By the way, for ranking, we use two things. One is the, oh, oh, oh. So how many objects are linking to that entity, but also we take in the Wikipedia click-throughs. So we take that information, we weight the two
and then we rank the entity. So taking in consideration the two dimensions besides the text, what is given by Solr with the text matching.
So concluding the presentation. So we started, well, as energy for entities, we were missing this and this is really a must for a group piano. There is no one-fits-all vocabulary. You will need to look in many vocabularies, not just Wikipedia data, not just YF, other vocabularies.
And we still have a long way to go. But hopefully we are making progress and we also take on a lot of things that we hope will be developed in other projects. That's it.
We have time for a couple quick questions or one question before we break for lunch. Does anyone have a question?

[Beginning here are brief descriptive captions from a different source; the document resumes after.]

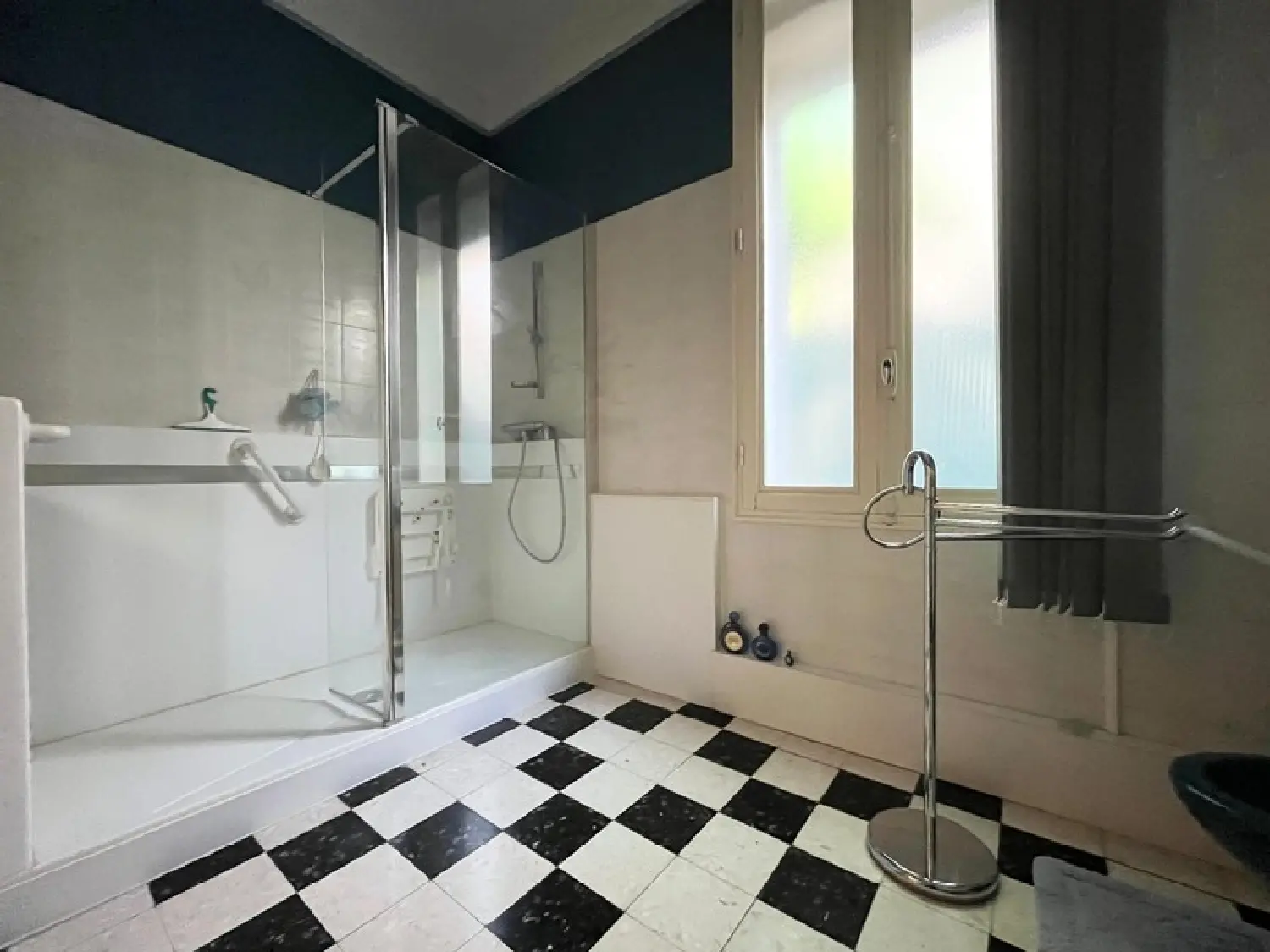  en venta casa urbana Béziers Hérault 8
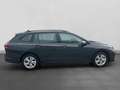 Volkswagen Golf Variant Life 1.5 TSI | LED ACC DAB APP-CONN Grau - thumbnail 15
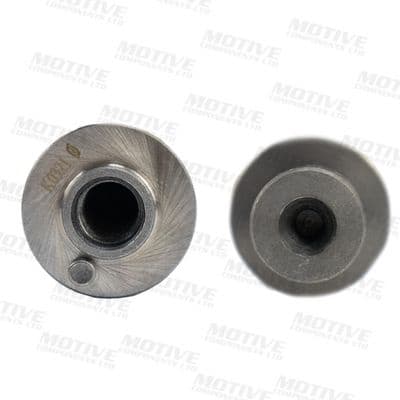 Camshaft T8074 - image 3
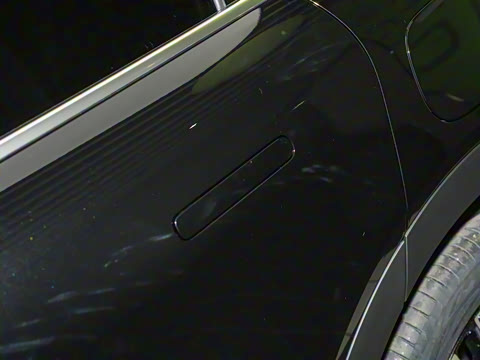 2025�� �ڽ���������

Thank you. It's exciting to see work on creating like entity database that you can refer to from Europeana projects and from elsewhere. I wanted to ask, well, one short comment that in say annotating textual information
with mentions of entities, at the National Library of Latvia, we also saw the same need for entity database which to refer to. And a question to you, is this database also available in other forms
like say, if I wanted to explore it, what is inside it? Is there a data dump available? Something we can play with. At the moment, we only have these two methods. We could make available the data that we have, but actually the data that we have so far
is also not that, well, mostly we are resting from other sources. So for now we are not improving it. So it may be in the future perhaps a good resource for you. But we can make available as dumps
and we could do that if you're interested. But for now, we just looked at these two methods. We will have methods as well for general search and also for going through all the collection. But those will come later.
And generate dumps as well. But not at this moment. All right. Well, thank you very much for this presentation. We'll give them another round of applause.